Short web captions
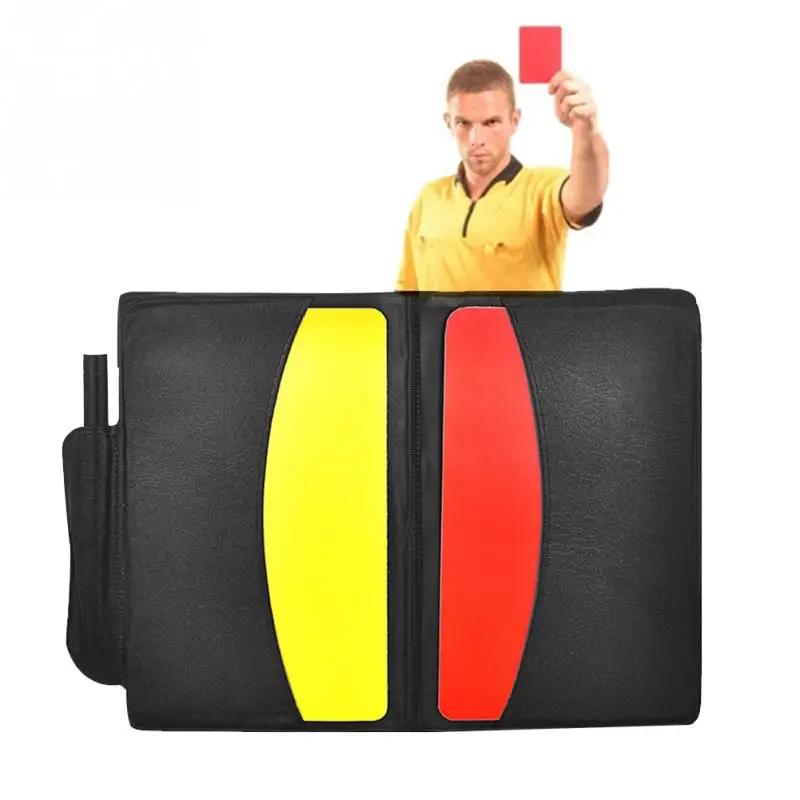 

Soccer Referee Red Yellow Card Set Portable for Soccer Games Sports Referees Red/Yellow Cards with Case+Pencil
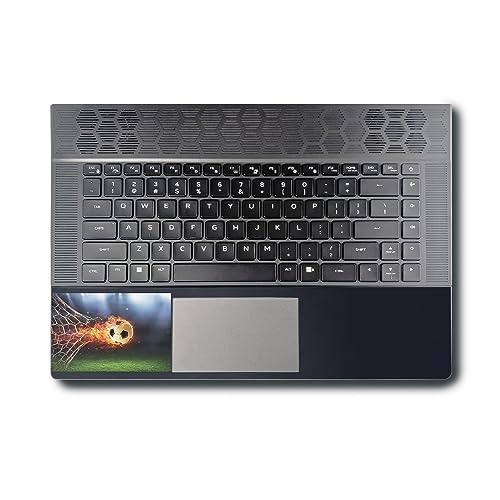 Image of MightySkins Skin Compatible with Alienware X16 R1 (2023) Full Wrap Kit - Flaming Soccer Ball | Protective, Durable, and Unique Vinyl Decal wrap Cover | Easy to Apply & Change Styles | Made in The USA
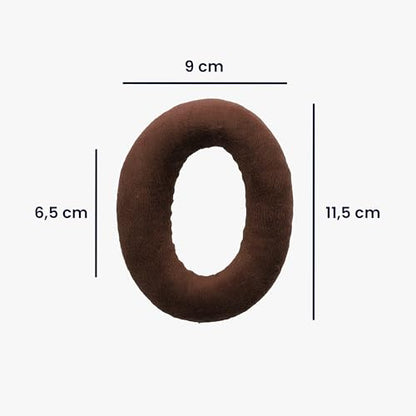 kwmobile 2X Earpad Compatible with Sennheiser Game Zero / HD380PRO / PXC450 / PXC350 / PC350 / PC360 - Replacement Velour Earpad Cushion for Headphones - Brown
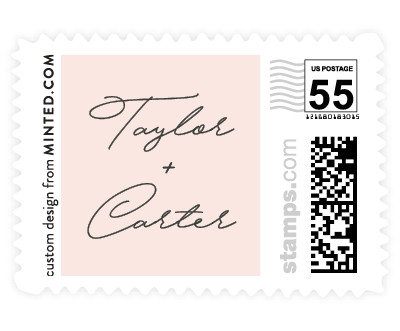 'Scripted Names (D)' wedding postage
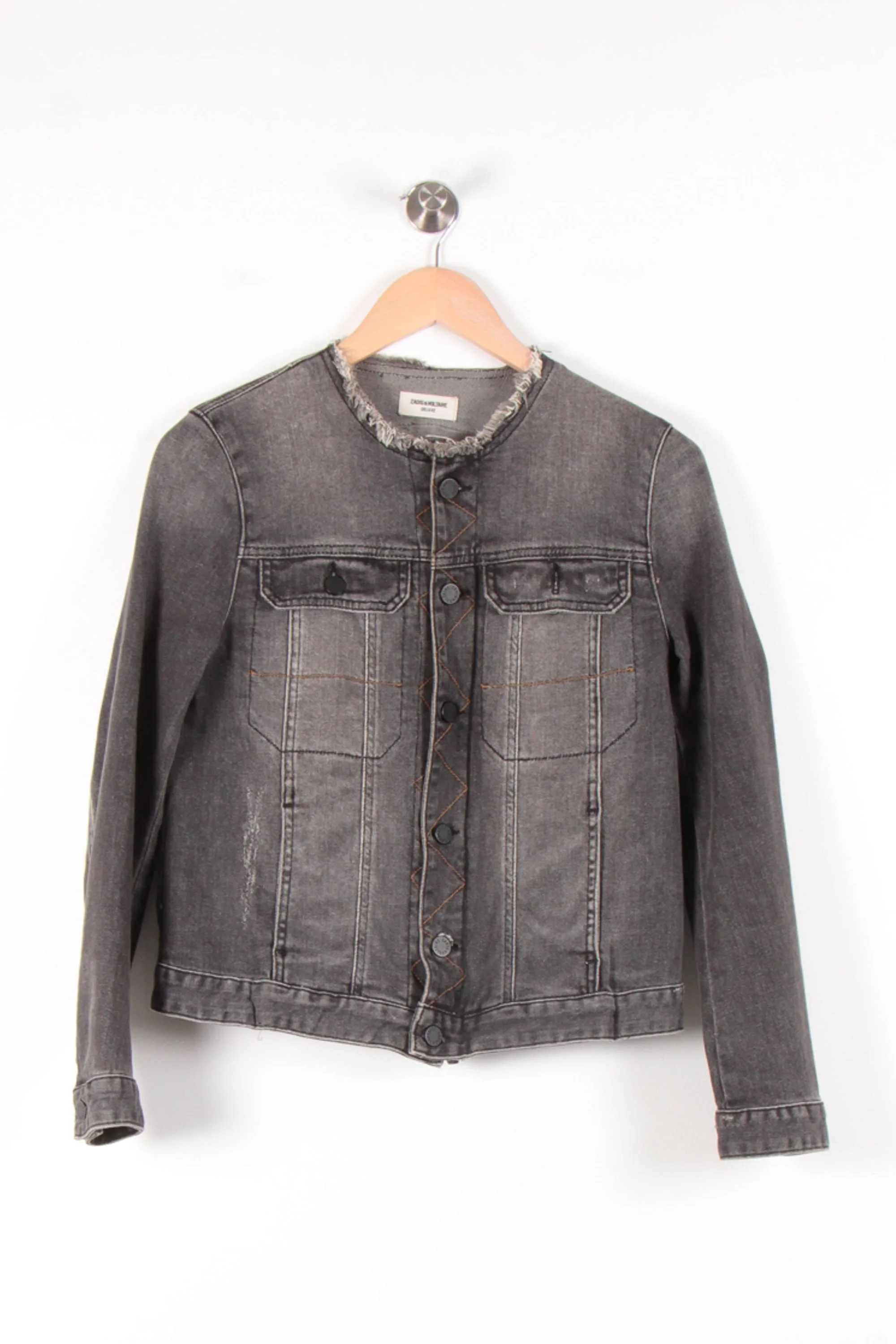 Veste en Jean Noire - Taille M/38 - Image 2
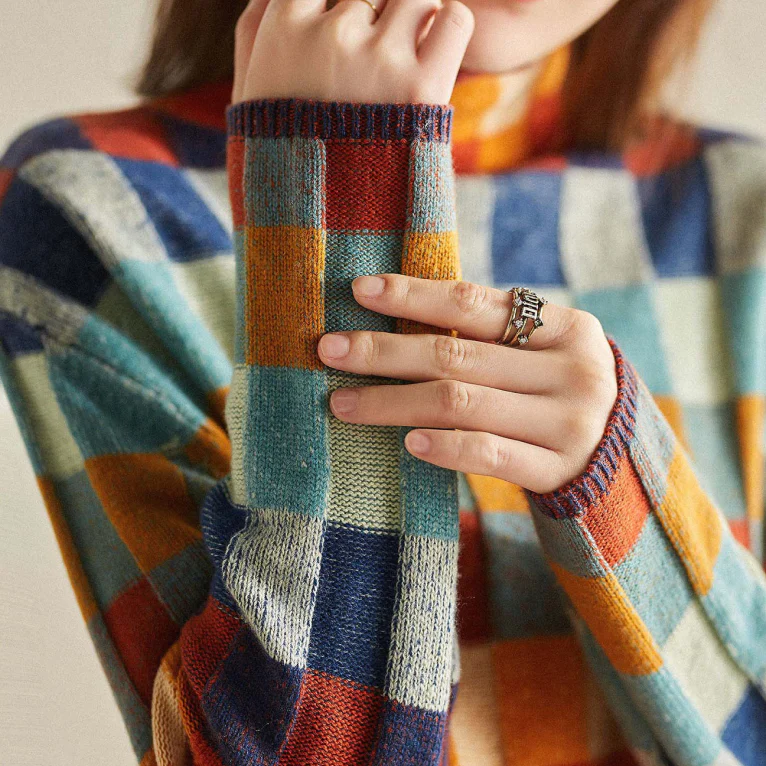 Evelyn | Cashmere Cozy Retro Jumper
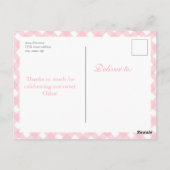 Beary First Teddy Beer Verjaardagsfeestje Dank je Briefkaart (Achterkant)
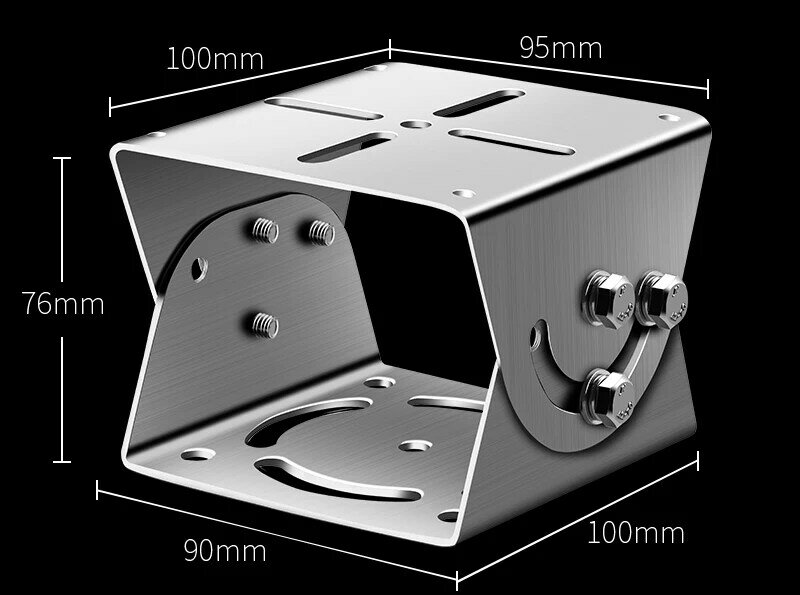 Замените Φ карданный шарнир, сталь и нержавеющая сталь, PT шарнир из алюминиевого сплава, универсальное соединение для камеры видеонаблюдения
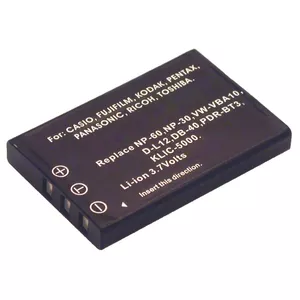 Digital Camera Battery 2-Power DBI9583A 3.7V 1150mAh
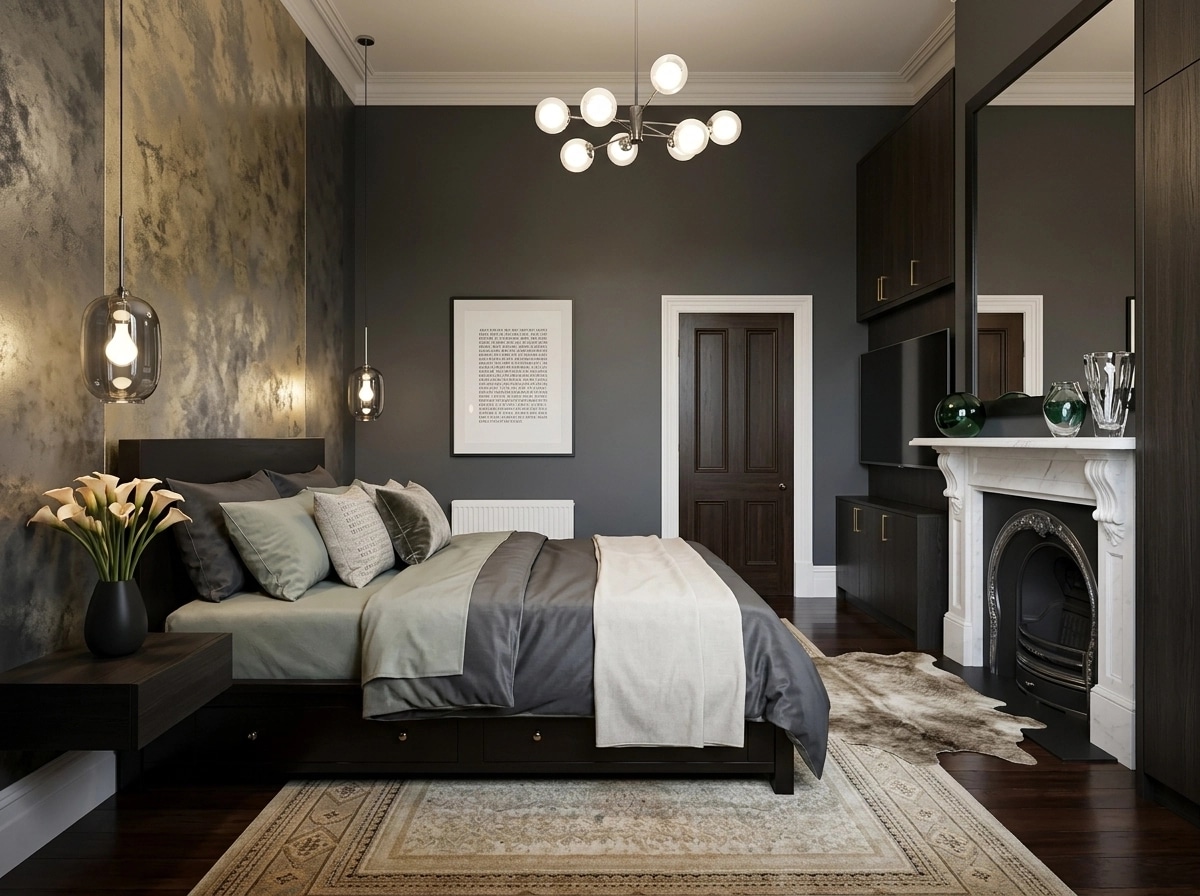 Contemporary Bedroom design — interior photo by GenRoom AI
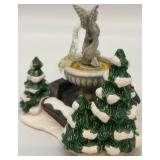 Dept 56 Snow Village Winter Fountain and Carnival Figurines Set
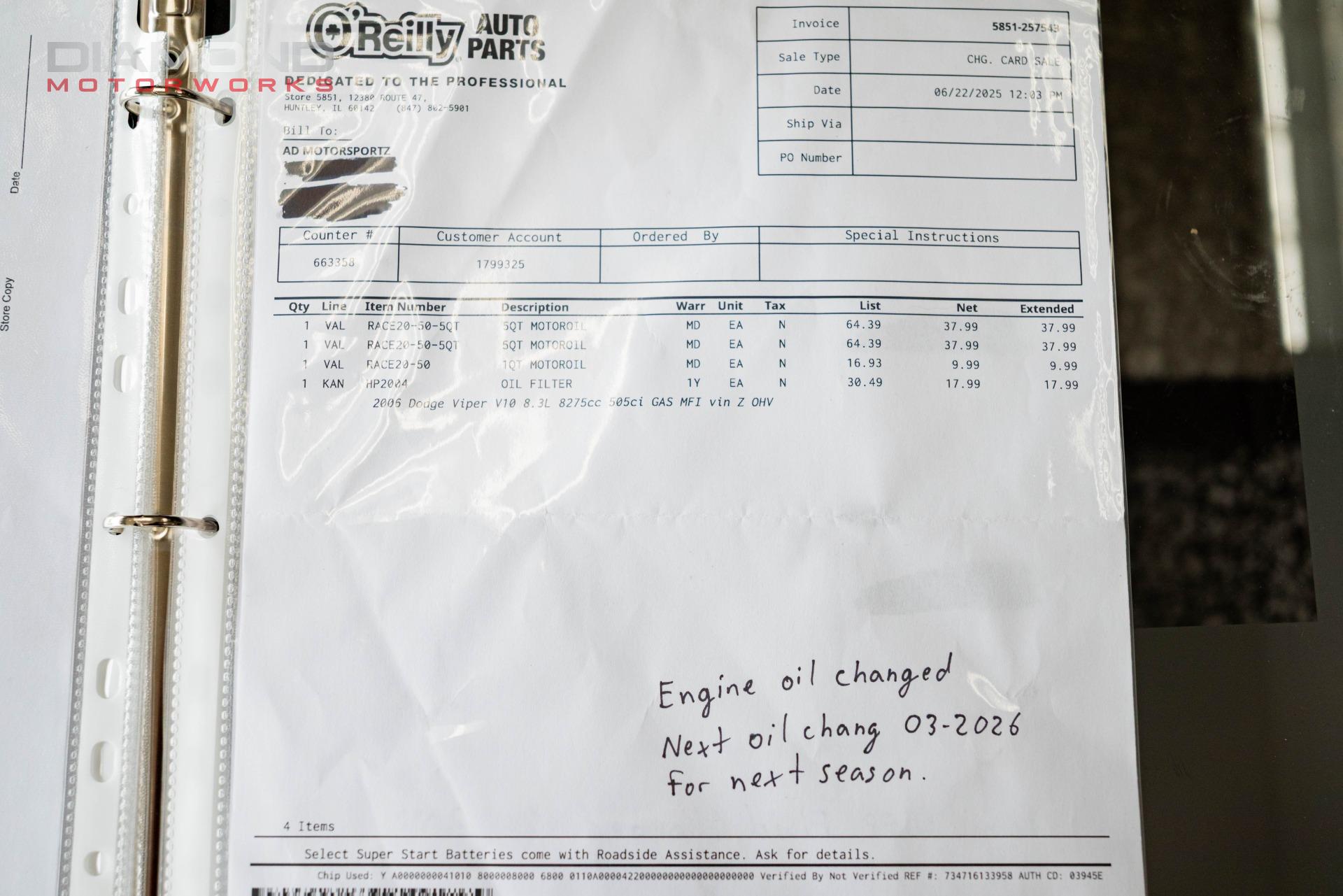 2006 DODGE VIPER - Image 157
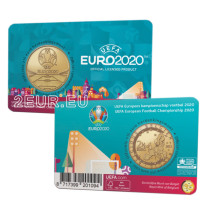 Belgio 2,5 euro BU 2021 - UEFA 2020 - FR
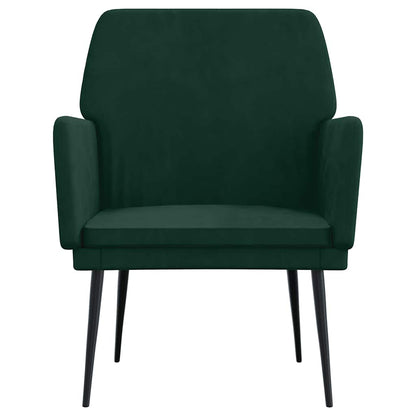 Poltrona Verde Scuro 62x79x79 cm Velluto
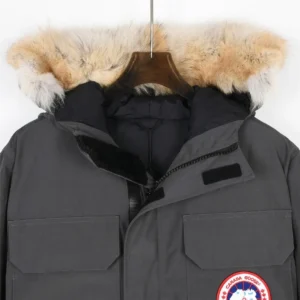 Replica Canada Goose Expedition Parka Grey Classic Reps - RepLuxe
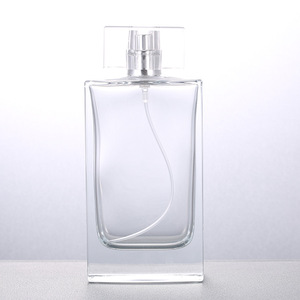 Custom made square 30ml 50ml 100ml glass perfume bottle with spray cap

__ABOUT THIS EXERCISE__: Each line from the one that holds "kwmobile 2X Earpad" through the final line of the data must be retyped exactly; the pictures must not appear.

__OUTPUT OF THE EXERCISE__:
 kwmobile 2X Earpad Compatible with Sennheiser Game Zero / HD380PRO / PXC450 / PXC350 / PC350 / PC360 - Replacement Velour Earpad Cushion for Headphones - Brown
 'Scripted Names (D)' wedding postage
 Veste en Jean Noire - Taille M/38 - Image 2
 Evelyn | Cashmere Cozy Retro Jumper
 Beary First Teddy Beer Verjaardagsfeestje Dank je Briefkaart (Achterkant)
 Замените Φ карданный шарнир, сталь и нержавеющая сталь, PT шарнир из алюминиевого сплава, универсальное соединение для камеры видеонаблюдения
 Digital Camera Battery 2-Power DBI9583A 3.7V 1150mAh
 Contemporary Bedroom design — interior photo by GenRoom AI
 Dept 56 Snow Village Winter Fountain and Carnival Figurines Set
 2006 DODGE VIPER - Image 157
 Belgio 2,5 euro BU 2021 - UEFA 2020 - FR
 Poltrona Verde Scuro 62x79x79 cm Velluto
 Replica Canada Goose Expedition Parka Grey Classic Reps - RepLuxe
 Custom made square 30ml 50ml 100ml glass perfume bottle with spray cap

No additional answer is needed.